座右の銘、私のモットー仕事に対し「やる気を出す」という考え方を見直そう
教授陣によるリレーコラム/座右の銘、私のモットー【1】
私に座右の銘はありません。モットーといえば、高校生のときに読んだ村上春樹の小説『1973年のピンボール』で、土星生まれの活動家が「行動が思想を決定する。逆は不可」というモットーを持ち大学の九号館を占拠していた、という文章を思い出します。当時は、そういうフレーズを言ったらかっこいいと思い、友人たちにもよく触れ回っていました。よくわかっていないながらも、文字列として好きだったんです。しかしそれが1970年代の学生運動の様子とリアルにつながるのを知って以来、そんなことを声高に張り上げる人たちが苦手になりました。

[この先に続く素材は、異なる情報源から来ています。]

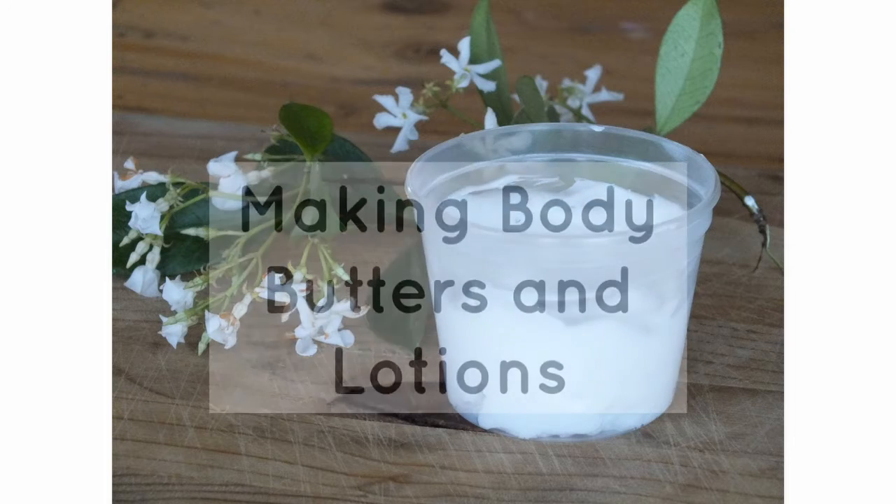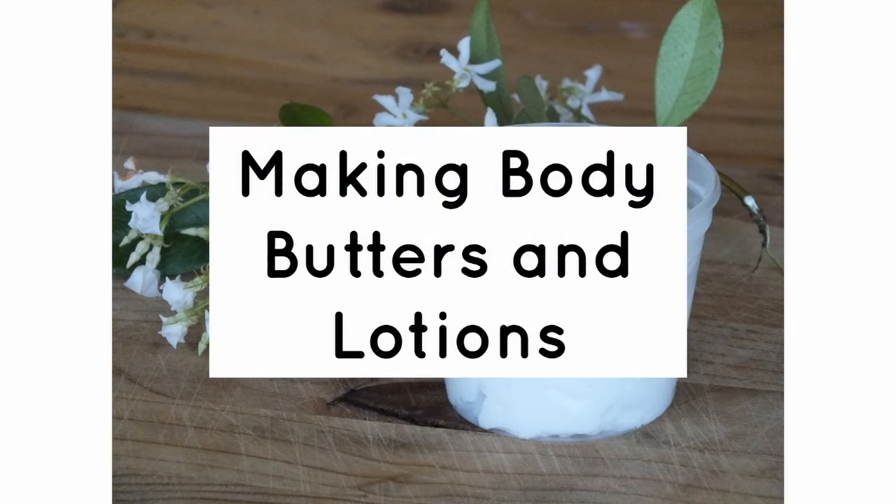Hi everyone, it's Roxanne here. In this video I am going to discuss making body butters and lotions.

ただ、モットーではないのですが、「やる気が一番あかん」とは常々思っています。私の職場は明治大学で、大学での仕事は研究です。だから研究をします。「仕事が趣味みたいなもの」だという人もいますが、それもナンセンスな話です。仕事は社会(他人)のためにすることであり、趣味は自分のためにすることだからです。自分の喜びのためにやっていることに、誰もお金を支払ってはくれません。

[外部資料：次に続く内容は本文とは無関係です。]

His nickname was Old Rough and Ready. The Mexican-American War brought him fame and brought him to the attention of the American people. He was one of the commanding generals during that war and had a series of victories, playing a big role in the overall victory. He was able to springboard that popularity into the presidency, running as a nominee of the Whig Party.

やる気なんてあろうがなかろうが、やるべきことはやるべきです。職場で「やる気がないのか!」と怒る人がいますが、その怒り方自体が誤りで、やる気がなくてもやるのが仕事なのです。奮い立たせ、出させたつもりになっているやる気なんて、維持するわけがない。「やる気を出します!」「気持ちを入れ替えます!」なんて言っている人が、長続きした試しなんてありませんから。
私が仕事としている研究というのは思い通りにいかないことばかりで、そもそもしんどいものです。そんなものに理由をつけてやる気を出してもしんどいことに代わりはありません。やる気なんて出さなくても、仕事が進むようにするのが乗り切る技だと思います。やる気が起こらないことに悩む必要なんて、何一つないと思いますよ。
※記事の内容は、執筆者個人の考え、意見に基づくものであり、明治大学の公式見解を示すものではありません。